Quando comecei na cutelaria não imaginei que ela se tornaria uma profissão de verdade. Estava no Maranhão trabalhando em um projeto pelo Museu Nacional, de conservação da ictiofauna do Rio Tocantins, coordenando a parte de campo com os pescadores locais. Eu ficava de duas a três semanas por mês no estado, muitas das vezes sozinho. Por conta desse trabalho e dessa estadia realizei minha primeira obra: uma espada de samurai, feita de forma arcaica, sem nenhuma técnica, desbastando somente um pedaço de aço cru. Depois fiquei, aproximadamente, cinco anos sem sequer forjar o metal.
Quem te inspirou e te iniciou, verdadeiramente, neste universo?
Depois de um certo tempo, após o término do projeto, voltei para morar em Miguel Pereira. Foi então que fui apresentado ao Sr. Nelson Furtado, um mestre de oficina, aposentado da Rede Ferroviária Federal S.A. e responsável pela minha iniciação no mundo da cutelaria. Foi o senhor Nelson quem me ensinou as técnicas da profissão e que me ajudou, através de livros que me emprestou, a buscar conhecimentos que me ajudaram a desvendar e me apaixonar pela arte. Aprendi a forjar com ele. Tornou-se um grande amigo e mestre, aos 86 anos. Forjando juntos, aprendendo e observando as artimanhas da forjaria e de outras artes.
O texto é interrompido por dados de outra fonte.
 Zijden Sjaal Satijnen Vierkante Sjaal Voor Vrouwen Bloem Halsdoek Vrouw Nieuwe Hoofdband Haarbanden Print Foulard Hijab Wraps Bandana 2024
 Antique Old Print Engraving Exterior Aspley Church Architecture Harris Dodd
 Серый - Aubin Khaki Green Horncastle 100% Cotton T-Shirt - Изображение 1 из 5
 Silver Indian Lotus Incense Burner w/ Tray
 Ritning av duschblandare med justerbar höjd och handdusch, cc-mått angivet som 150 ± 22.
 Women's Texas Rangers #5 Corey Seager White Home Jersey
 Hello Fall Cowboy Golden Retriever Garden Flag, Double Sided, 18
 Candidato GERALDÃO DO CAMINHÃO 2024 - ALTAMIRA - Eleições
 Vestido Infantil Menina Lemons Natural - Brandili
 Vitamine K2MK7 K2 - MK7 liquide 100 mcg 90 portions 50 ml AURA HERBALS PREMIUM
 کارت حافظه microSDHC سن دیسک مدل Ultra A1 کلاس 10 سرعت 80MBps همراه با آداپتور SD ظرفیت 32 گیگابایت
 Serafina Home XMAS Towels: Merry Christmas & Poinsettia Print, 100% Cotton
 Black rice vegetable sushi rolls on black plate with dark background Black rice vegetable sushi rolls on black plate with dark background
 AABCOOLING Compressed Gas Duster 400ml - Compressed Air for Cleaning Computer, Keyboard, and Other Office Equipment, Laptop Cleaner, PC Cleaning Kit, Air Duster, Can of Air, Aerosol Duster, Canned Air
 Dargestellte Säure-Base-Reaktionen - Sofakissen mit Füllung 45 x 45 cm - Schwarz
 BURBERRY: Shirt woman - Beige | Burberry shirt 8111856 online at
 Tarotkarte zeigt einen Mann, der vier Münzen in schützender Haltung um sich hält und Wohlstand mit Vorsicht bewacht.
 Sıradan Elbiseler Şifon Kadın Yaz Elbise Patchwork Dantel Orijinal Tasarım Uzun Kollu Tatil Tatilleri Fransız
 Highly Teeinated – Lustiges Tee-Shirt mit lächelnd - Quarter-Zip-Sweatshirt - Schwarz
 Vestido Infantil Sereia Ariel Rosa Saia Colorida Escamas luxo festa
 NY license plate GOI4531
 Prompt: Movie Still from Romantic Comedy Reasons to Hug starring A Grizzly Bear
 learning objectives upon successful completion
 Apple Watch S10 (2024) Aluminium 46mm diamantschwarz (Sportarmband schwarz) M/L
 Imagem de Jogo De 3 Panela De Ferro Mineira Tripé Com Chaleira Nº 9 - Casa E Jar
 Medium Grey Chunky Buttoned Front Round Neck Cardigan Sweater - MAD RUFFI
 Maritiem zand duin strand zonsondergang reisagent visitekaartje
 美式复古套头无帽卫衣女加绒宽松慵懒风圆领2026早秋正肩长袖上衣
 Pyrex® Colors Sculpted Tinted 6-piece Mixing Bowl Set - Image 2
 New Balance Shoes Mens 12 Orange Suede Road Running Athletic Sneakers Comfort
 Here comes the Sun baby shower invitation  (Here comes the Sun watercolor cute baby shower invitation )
Você segue um estilo ou uma linha na sua elaboração?
Cada cuteleiro desenvolve seu próprio estilo e, mesmo querendo “imitar” outros, isso não se traduz em sua obra final. Cada artesão tem uma marca própria, o jeito único que martela o aço quente, o jeito que aperta a lâmina contra a lixa, a forma que dá ao cabo, a forma que enxerga sua arte, tudo isso é único. Eu comecei utilizando material reutilizável, capas de rolamento, molas de suspensão de automóveis, sucata em geral. Hoje, tenho fornecedores sérios com aço certificado e de vários tipos: inoxidável, aço alto carbono, cada um bem específico para cada tipo de faca a ser fabricada.
Como é feita a escolha do design e o tipo de faca a ser confeccionada?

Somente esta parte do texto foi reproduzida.